SANTA CLARA, Calif. (AP) — After years of playing in a dysfunctional organization in Washington, the difference in the vibe of a winning franchise hit Trent Williams as soon as he walked into the building for the San Francisco 49ers this training camp.
Williams saw a culture instilled from management to the coaching staff to the players and an energy he wasn’t used to the past decade in Washington even before the defending NFC champion Niners have held their first real practice.
“Coming where I came from, a walkthrough was a walkthrough,” Williams said. “Our walkthrough here was pretty intense. A lot of focus, a lot of attention to detail and guys flying around. You could tell this is a hungry group of guys and I feel like I fit right in.”
Williams was looking for a place to fit in after growing disgruntled in Washington. He sat out the entire 2019 season because of a dispute with Washington’s front office.
Last November, Williams revealed he had cancer and said that situation led him to distrust Washington’s medical staff and organization as a whole. He said at the time there’s no trust there” with president Bruce Allen, who was fired after a 3-13 season.
The medical staff also was overhauled, and new coach Ron Rivera took control of football operations.
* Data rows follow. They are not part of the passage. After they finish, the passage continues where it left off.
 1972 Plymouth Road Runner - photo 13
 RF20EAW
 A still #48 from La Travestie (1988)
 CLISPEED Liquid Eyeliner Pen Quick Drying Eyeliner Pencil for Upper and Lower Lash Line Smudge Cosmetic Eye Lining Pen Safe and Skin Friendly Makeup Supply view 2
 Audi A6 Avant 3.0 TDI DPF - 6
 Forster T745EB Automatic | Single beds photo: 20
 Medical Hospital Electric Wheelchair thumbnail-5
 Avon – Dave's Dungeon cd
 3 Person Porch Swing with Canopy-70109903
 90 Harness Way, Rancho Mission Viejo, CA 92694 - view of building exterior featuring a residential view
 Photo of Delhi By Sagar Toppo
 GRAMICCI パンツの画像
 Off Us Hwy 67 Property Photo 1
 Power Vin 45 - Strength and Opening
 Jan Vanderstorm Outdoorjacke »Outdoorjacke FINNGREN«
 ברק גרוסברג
But Williams still wanted out and got his wish granted when he was finally traded during the draft to San Francisco.
He was able to reunite with coach Kyle Shanahan, who was offensive coordinator for Williams’ first four seasons in Washington.
He also provided the Niners with the ideal replacement for six-time Pro Bowl left tackle Joe Staley, who informed the team he planned to retire just days before the deal for Williams was struck.
Williams made the Pro Bowl every season from 2012-18 as one of the game’s most athletic and dependable left tackles.
“He’s been an unbelievable guy to work with over the last two weeks or so,” right tackle Mike McGlinchey said. “Even just in walkthrough, you still kind of get a little jaw dropped by how smooth and how much of an athlete he truly is at his size. It’s going to be cool to pick his brain over the next couple of weeks here, going through training camp once live bullets start flying and seeing him back in action.”
Williams acknowledges he has some rust to knock off, which is to be expected considering he hasn’t played a game in more than 19 months and then had to deal with a virtual offseason with a new team this spring.
But he comes in with deep knowledge of Shanahan’s offense from their four years together in Washington and believes the opportunity to go up in practice against San Francisco’s stellar defensive front led by 2019 AP Defensive Rookie of the Year Nick Bosa will only speed his acclimation process.
“He’s going to be a pivotal tool for me to use to knock the rust off,” Williams said. “Probably one of the biggest challenges that I can face all year is Nick. I think he’s one of the top four or five rushers in the game. To get that work and be able to have that every day and we can kind of bounce ideas off each other and talk each other through it. I think it’s going to work out for the best case for me.”
Williams is one of two new potential starters on the offensive line for the Niners this season. The team also signed his former teammate in Washington, Tom Compton, to compete for the starting right guard spot.
Compton is fighting for that spot with Daniel Brunskill, who started two games at guard in place of Mike Person late last season. Person also retired this spring.
Rookie Colton McKivitz also could be in the mix in a season where adaptability will be crucial because of the lack of offseason work and the potential of absences because of the COVID-19 pandemic.
“Versatility is going to be absolutely huge,” McGlinchey said. “It’s going to make or break guys having jobs and make or break situations to fill our roster because we can get in any situation at any point this year that we’re not just looking out for injury. We’re looking out for something that we can’t really defend ourselves from at times. To be able to have the ability to plug and play guys in different positions at different times is really going to allow us to keep moving as smoothly as operationally possible.”